Three important developments are noteworthy, corresponding to three distinct phases in fiscal relations between the Bund and the Länder. First, in 1988 the states of Saarland and Bremen turned to the Constitutional Court to mandate the Bund into transfer payments to cope with their high debt ratios (Seitz, 2000, provides details). They successfully claimed that their high debts were the result of adverse economic developments not under their control, and that, unless they received payments from the Bund, they would be unable to carry out their constitutionally-determined spending mandates. In 1992, the Court ruled that states experiencing financial hardship were entitled to financial support (often referred to as “bail-out” payments). Second, the size of the fiscal equalization system expanded considerably in 1995 when the new Länder (including the city state of Berlin) entered the system (the so called Solidarity Pact I).10 Finally, following a successful legal challenge with the Constitutional Court by three richer Länder (Baden-W., Bavaria, and Hesse), a new Solidarity Pact II came into effect in 2005. Financial stress payments to Bremen and Saarland were to be discontinued, and supplementary transfers to Eastern Germany would be gradually phased out by 2019.11

At the same time, in October 2006, in a landmark decision, the Constitutional Court rejected a bail-out claim by the city state of Berlin, which had sued the federal government stating that its extreme fiscal distress could not be escaped on its own (its debt had reached over 70 percent of its own GDP). Although too soon to say, many observers believe that this decision would significantly impact the behavior of Länder in the future, in particular by reducing their expectation for bail-out from the federal government.
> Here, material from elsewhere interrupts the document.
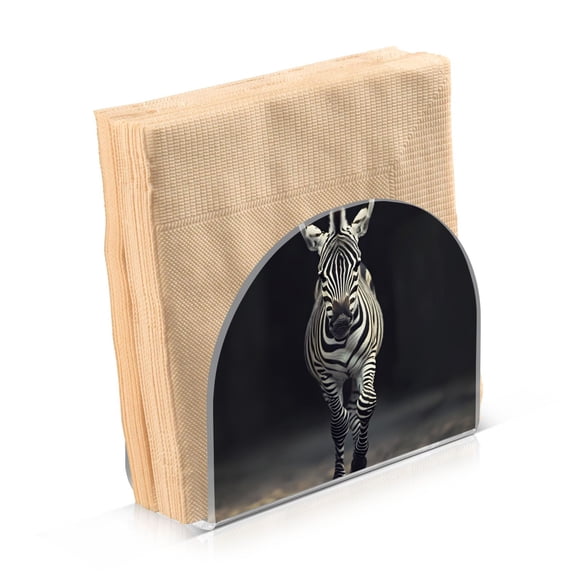 Napkin Holder for Table Zebra Animal Acrylic Clear Tissue Dispenser Stand Kitchen Dining Bar Tabletop Picnic Restaurant Decor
B. Potential Implications of Transfers

The combination of heavy reliance on transfers and limited tax autonomy, present in Germany, is considered a mix with potentially adverse consequences. The literature identifies a number of possible implications, three of which are discussed below.
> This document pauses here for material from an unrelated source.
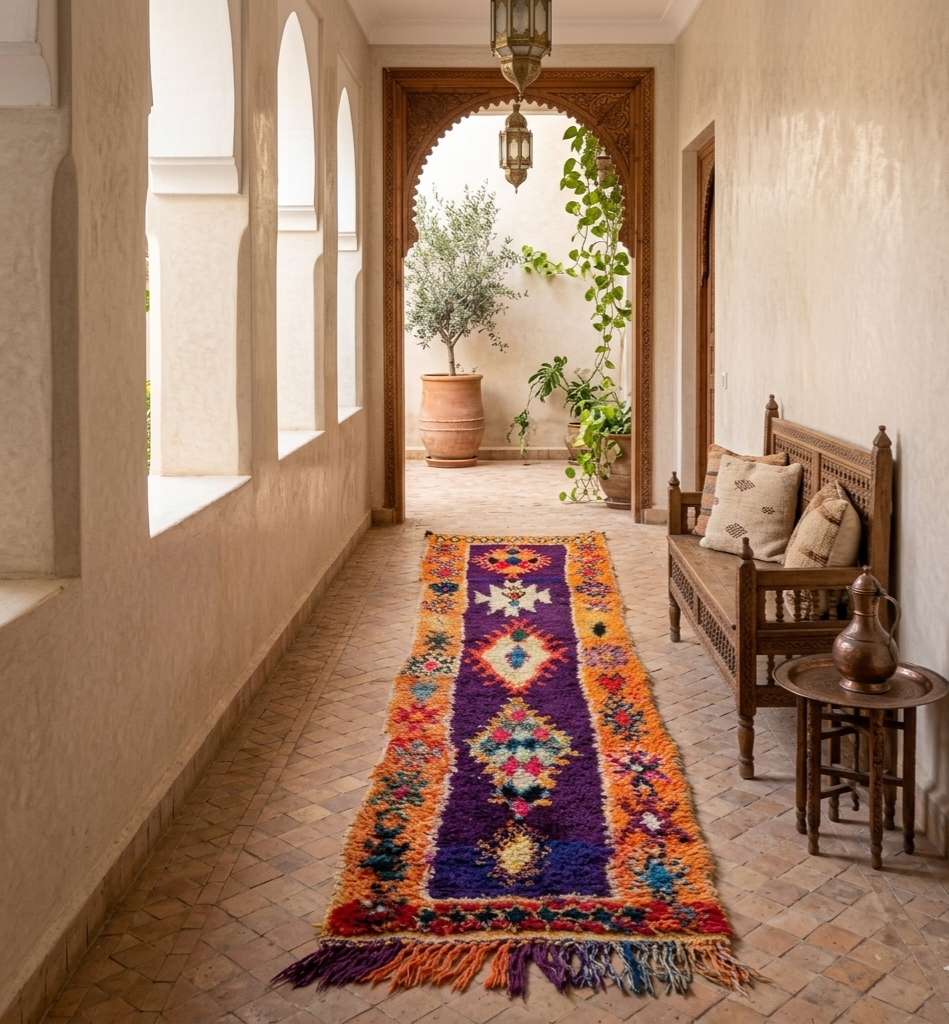 Vintage Colorful Boujaad Runner Rug - 8.10 x 2.8 Ft Irregular Handknotted Moroccan Hallway Rug MoroccanBazzArts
Soft budget constraint/pro-deficit pro-debt bias

There seems to be a pro-deficit bias in federations/decentralized countries where transfer dependence is high (Rodden et al., 2003). Transfers induce a “common pool” problem, where recipients perceive that the costs of their spending decisions are funded by taxpayers in other jurisdictions, and therefore do not face incentives to use the money effectively. This, over time, leads to overspending and/or undertaxing, resulting in deficit and debt accumulation. This “soft budget constraint” problem arises when the central government cannot commit to a (consistent over time) budget constraint for subnational governments; these, in turn, expect to be rescued by the center if they pursue irresponsible fiscal policies, thus weakening their incentives to “behave” in the first place. The bail-outs of Bremen and Saarland in the early 1990s confirmed the presence of soft budgets.
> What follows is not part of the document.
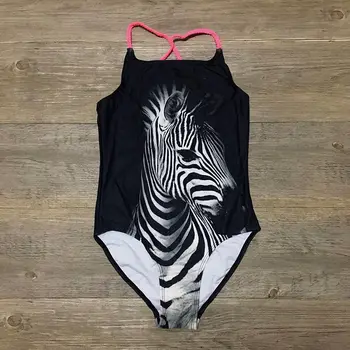 Zebra Print Fete face baie Costume de baie costume de Baie Topită Copii-O singură Bucată costume de Baie, Body, Costume de baie 2020 Costum de Baie Monokini b19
Indeed, Länder have considerably contributed to the increasing debt of the German federation (Figure 5). Most of the strong increase in debt—from less than 20 percent of GDP in 1970 to above 60 percent of GDP to date—has been originated at Bund and Land level; at the municipal level (Gemeinden), debt ratios have actually been falling. During the Maastricht consolidation phase (second half of the 1990s), the overall debt was reduced due to consolidation at the federal level, with no contribution from the Länder or Gemeinden.

Figure 5.
Figure 5.

Debt by Government Level

(In percent of German GDP)

Citation: IMF Working Papers 2009, 124; 10.5089/9781451872712.001.A001

Source: Statistisches Bundesamt

Not all Länder have been equally “profligate.” The accumulation of debt has varied strongly across Länder: while the contributing Länder have displayed a gradual increase in debt, from 5 percent of own GDP in 1970 to around 15 percent of own GDP in 2007, the old net-recipient states have displayed very large increases in debt, from around 7 percent of own GDP in 1970 to above 30 percent of own GDP in 2007. The new members—all net-recipient states—have experienced a steep acceleration in debt since unification in 1991, to around 35 percent of own GDP in 2007 (Figure 6).

Figure 6:
Figure 6:

Länder Debt

(In percent of Land GDP)

Citation: IMF Working Papers 2009, 124; 10.5089/9781451872712.001.A001

Source: Statistisches Bundesamt.

The perception of soft budget constraint—and the expectation of a federal bailout—are shared by both “borrowing” Länder and their creditors. There is evidence that markets have not exercised discipline on the less fiscally responsible Länder; on the contrary, Rodden (2007) and Heppke-Falk and Wolff (2008) show that these Länder have enjoyed higher credit ratings than more responsible peers, as markets, too, seem to expect bail-outs by the federal government, if Länder were to be in financial trouble.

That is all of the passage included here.